Body composition independently predicts adjuvant chemotherapy dose intensity: in 107 stage III patients receiving adjuvant FOLFOX, skeletal muscle index, age, and white blood cell count independently predicted relative dose intensity (RDI) achievement, yet standard dosing does not incorporate these parameters 14. A Sydney real-world analysis found that FOLFOX patients achieved higher RDI for fluoropyrimidine (85% vs. 78%) and oxaliplatin (72% vs. 66%) compared with CAPOX, yet CAPOX patients trended toward better 5-year DFS (84% vs. 78%, HR 0.53), particularly in high-risk cases (T4 or N2: 78% vs. 67%, HR 0.41, p = 0.042) 15.

Post-Treatment Surveillance: Adherence and ctDNA MRD Integration

A systematic review and meta-analysis of 14 studies (55,895 patients) quantified adherence to post-resection surveillance:

Surveillance ModalityOverall AdherenceGap vs. Colonoscopy
Colonoscopy70% (95% CI 67–73%) 25Reference
CT imaging63% (95% CI 47–80%) 25Lower
CEA testing54% (95% CI 42–66%) 25Significantly lower

CEA adherence was significantly lower than colonoscopy among both colon (OR 0.21; 95% CI 0.20–0.22) and rectal cancer patients 25. This represents a critical missed opportunity for detecting resectable recurrences amenable to curative metastasectomy.

Circulating tumor DNA for MRD detection shows transformative potential but faces significant implementation barriers. A 2025 meta-analysis demonstrated that postoperative ctDNA positivity in stage II CRC increased recurrence risk with a pooled relative risk of 3.66 (95% CI 1.25–10.72) 20. A Korean prospective cohort study confirmed that postoperative MRD positivity at 3 weeks was associated with an adjusted HR of 8.40 (95% CI 3.49–20.2) for poor disease-free survival 22. The DYNAMIC trial demonstrated that ctDNA-guided adjuvant decisions reduced chemotherapy exposure without compromising 2-year recurrence-free survival. Despite this evidence, NCCN guidelines currently recommend against routine ctDNA-guided adjuvant therapy decisions outside clinical trials, with ACT3 and ALTAIR trials ongoing 21. Practical barriers include 8-week assay turnaround for tumor-informed panels 22, heterogeneity in detection methods, and absence of real-world equity data on access disparities 23.

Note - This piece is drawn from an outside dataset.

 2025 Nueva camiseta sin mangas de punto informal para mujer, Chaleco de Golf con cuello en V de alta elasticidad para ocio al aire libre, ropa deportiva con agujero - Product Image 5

Health Equity and Structural Disparities

Non-Hispanic Black patients are significantly less likely to receive guideline-concordant lymphadenectomy and chemotherapy, and this disparity persists after controlling for hospital type, socioeconomic status, and geographic location 1. CoC accreditation attenuated but did not eliminate these disparities, even among patients in nonmetropolitan locations or with low socioeconomic status 1. Patient navigation interventions—including telephone-based, nurse-led, and digitally tailored approaches (e.g., WeChat-based programs in China)—have demonstrated improvements in screening participation and reduction of social inequalities in access 21, though evidence on post-treatment surveillance equity barriers and ctDNA access disparities remains notably absent from recently retrieved literature.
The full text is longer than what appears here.